Would you return exactly the lines from the top of the data below through the one containing "Land on sale at Hattiban", leaving out the pictures?
BEGIN
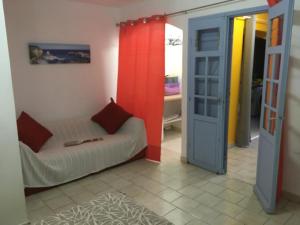 En eller flere senge i et værelse på Fête à la Guadeloupe (SI) + 4 billeder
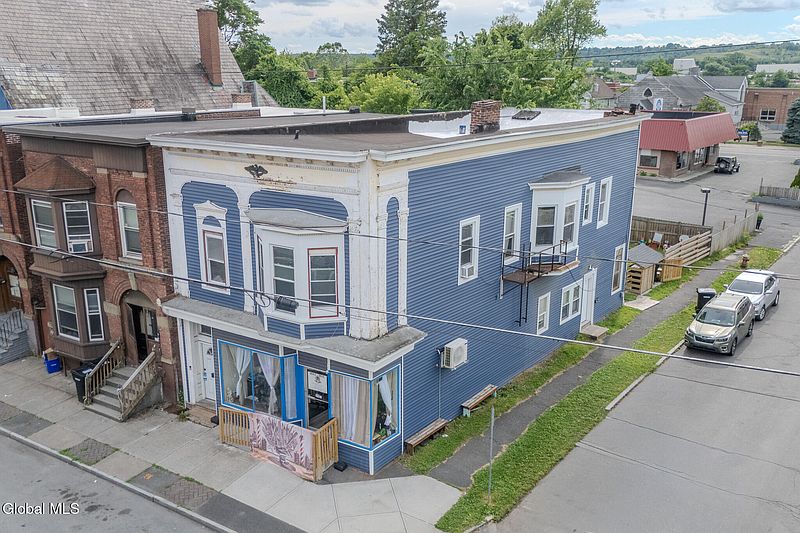 2nd image of 3367 6th Avenue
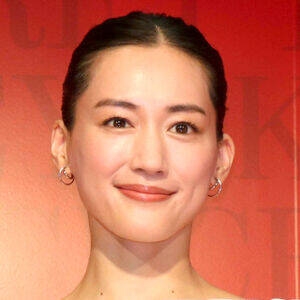 綾瀬はるか、中学時代のバスケ部親友に“モテ過ぎ伝説”暴露される「告白されたことがないんですよ」と明かされた理由は - スポーツ報知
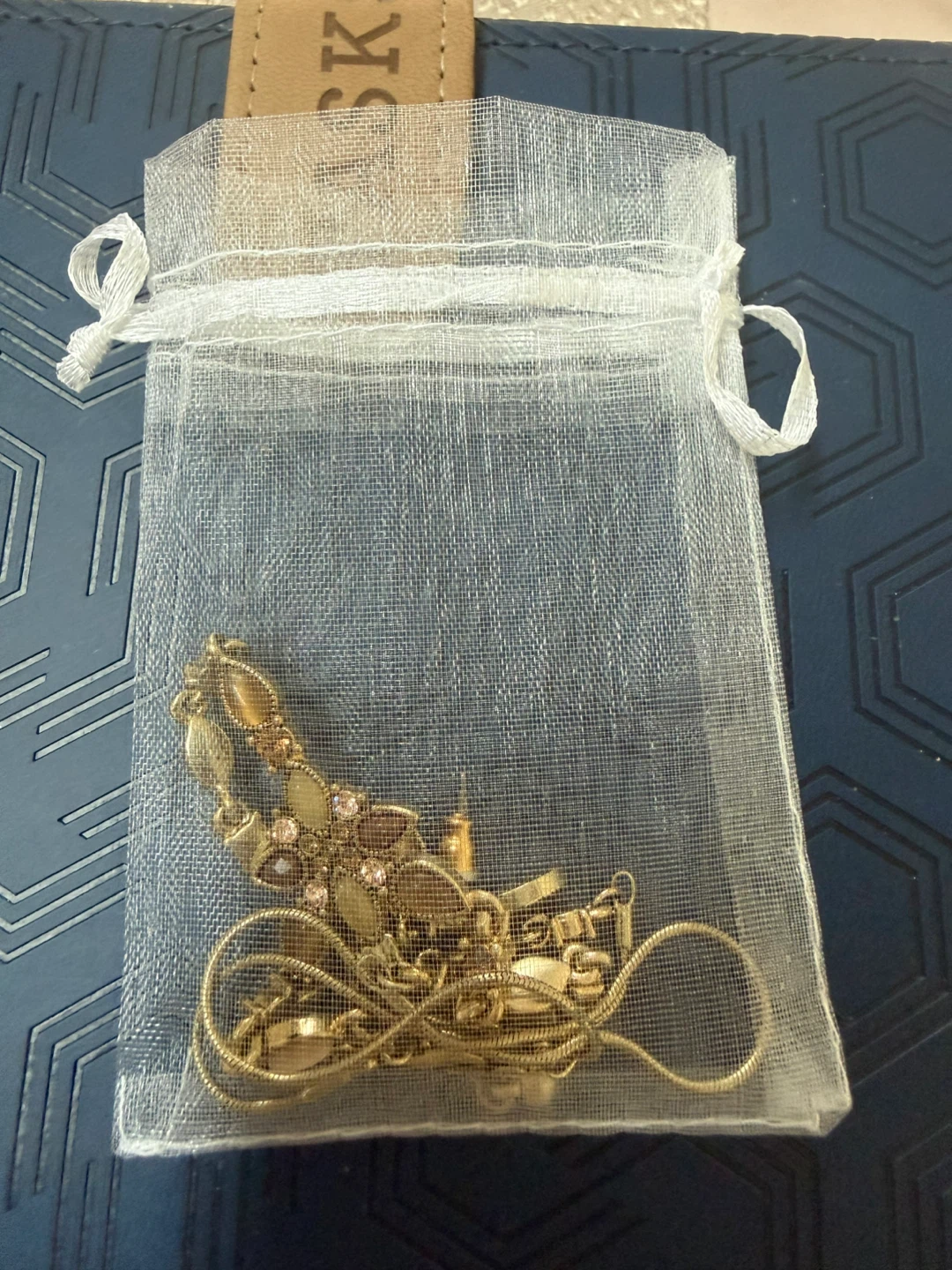 Gold-tone Necklace and Earrings Set with Faux Gems - photo 4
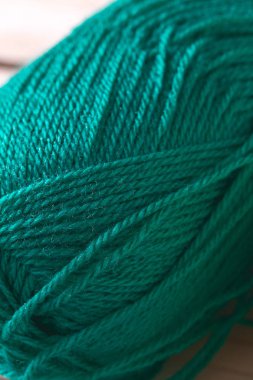 ahşap yüzey üzerinde iplik hanks örgü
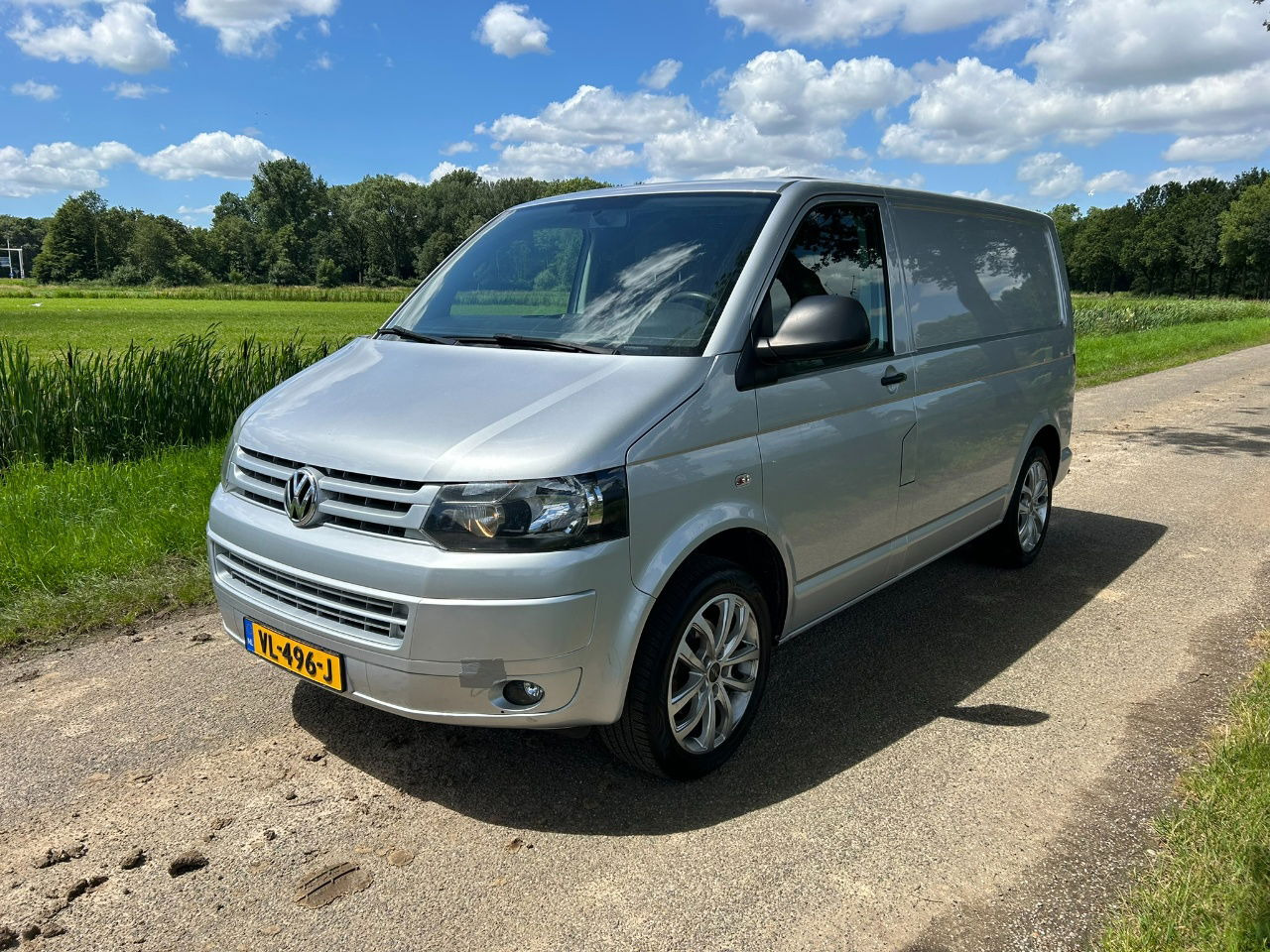 Volkswagen Transporter 2.0 TDI Bleumotion Technology L1 H1 114 PK apk 14-12-2024 Airco NL - Malá dodávka: obrázok 2 Volkswagen Transporter 2.0 TDI Bleumotion Technology L1 H1 114 PK apk 14-12-2024 Airco NL - Malá dodávka: obrázok 2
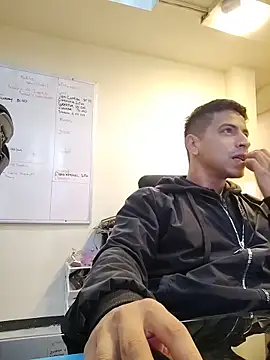 Juann-cock online show from December 21, 2025, 12:34 pm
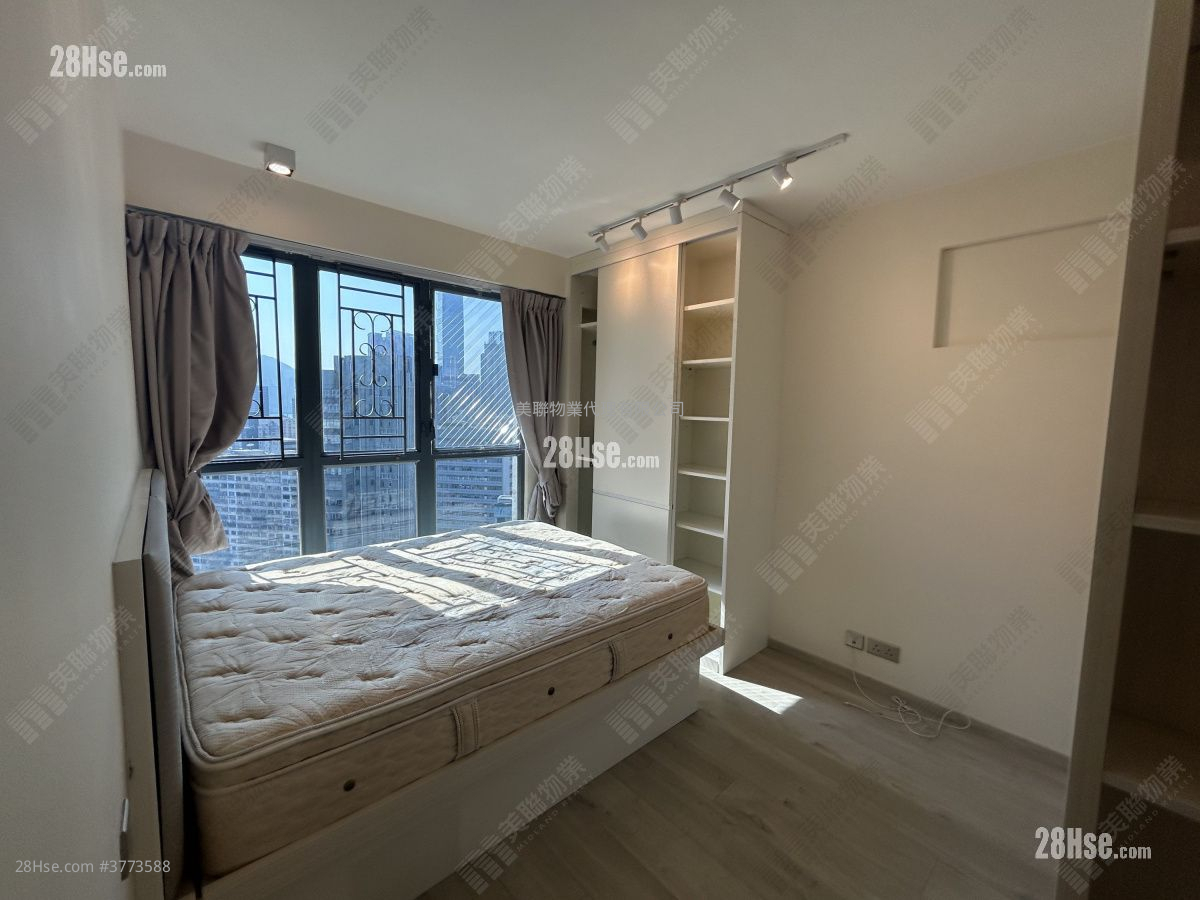 The Regalia Sell 3 Bedrooms , 3 Bathrooms 859 ft²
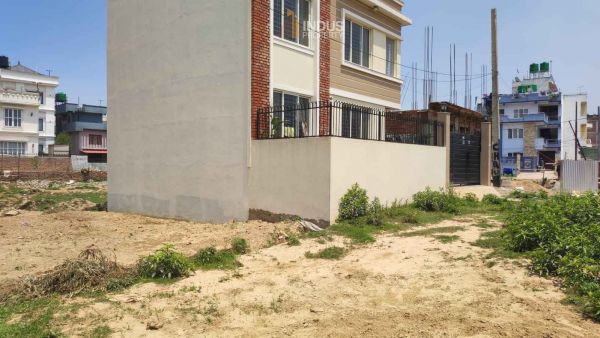 Land on sale at Hattiban
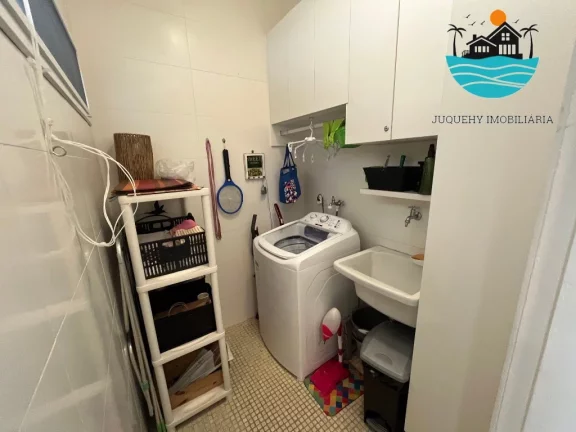 Imagem Casa de Temporada em Juquehy - Casa em condomínio, 3 suítes, 600metros da praia, 2 vagas, piscina privativa max. 8 pessoas | Juquehy Imobiliária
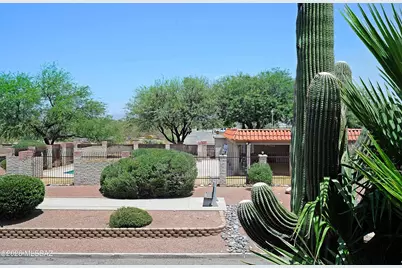 1246 S Camino Seco, Tucson, AZ 85710 - Photo 34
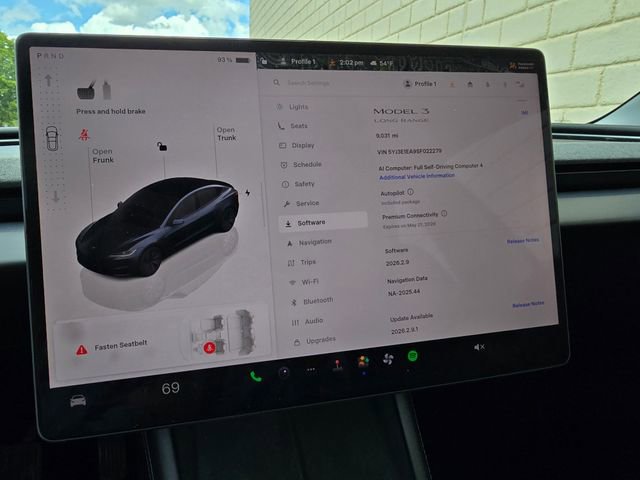 Used 2025 Tesla Model 3 Long Range RWD image 3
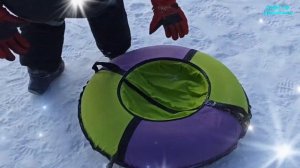 Детские зимние горки в овраге лесопарка в Мытищах.Традиционная забава русской зимы, катание с горок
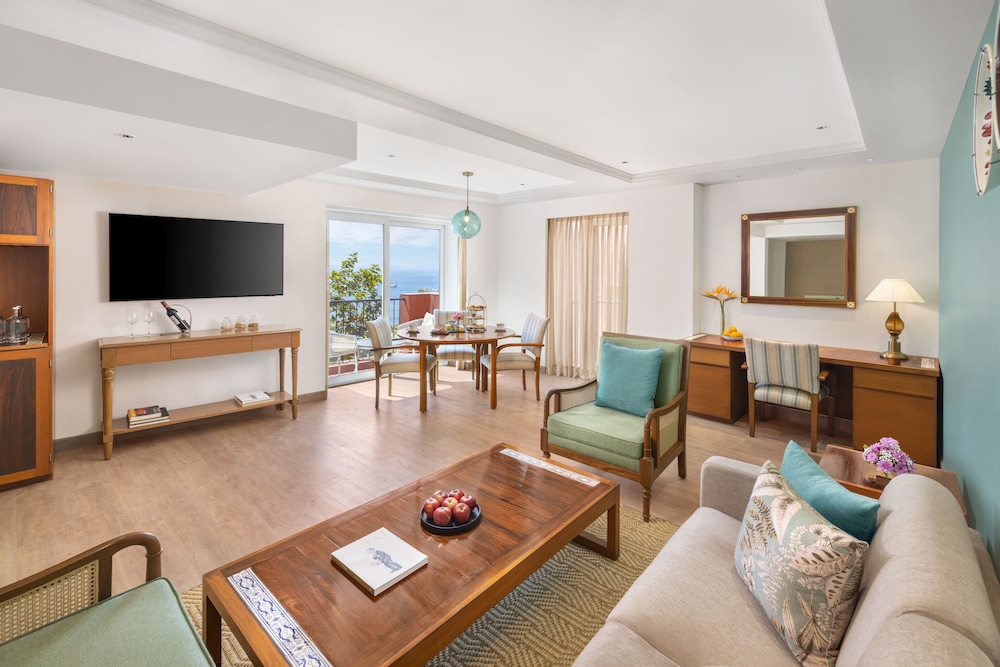 Taj Cidade de Goa Heritage, Goa — Hotel rooms in Dona Paula, Goa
END
* **Exercise solution**
 En eller flere senge i et værelse på Fête à la Guadeloupe (SI) + 4 billeder
 2nd image of 3367 6th Avenue
 綾瀬はるか、中学時代のバスケ部親友に“モテ過ぎ伝説”暴露される「告白されたことがないんですよ」と明かされた理由は - スポーツ報知
 Gold-tone Necklace and Earrings Set with Faux Gems - photo 4
 ahşap yüzey üzerinde iplik hanks örgü
 Volkswagen Transporter 2.0 TDI Bleumotion Technology L1 H1 114 PK apk 14-12-2024 Airco NL - Malá dodávka: obrázok 2 Volkswagen Transporter 2.0 TDI Bleumotion Technology L1 H1 114 PK apk 14-12-2024 Airco NL - Malá dodávka: obrázok 2
 Juann-cock online show from December 21, 2025, 12:34 pm
 The Regalia Sell 3 Bedrooms , 3 Bathrooms 859 ft²
 Land on sale at Hattiban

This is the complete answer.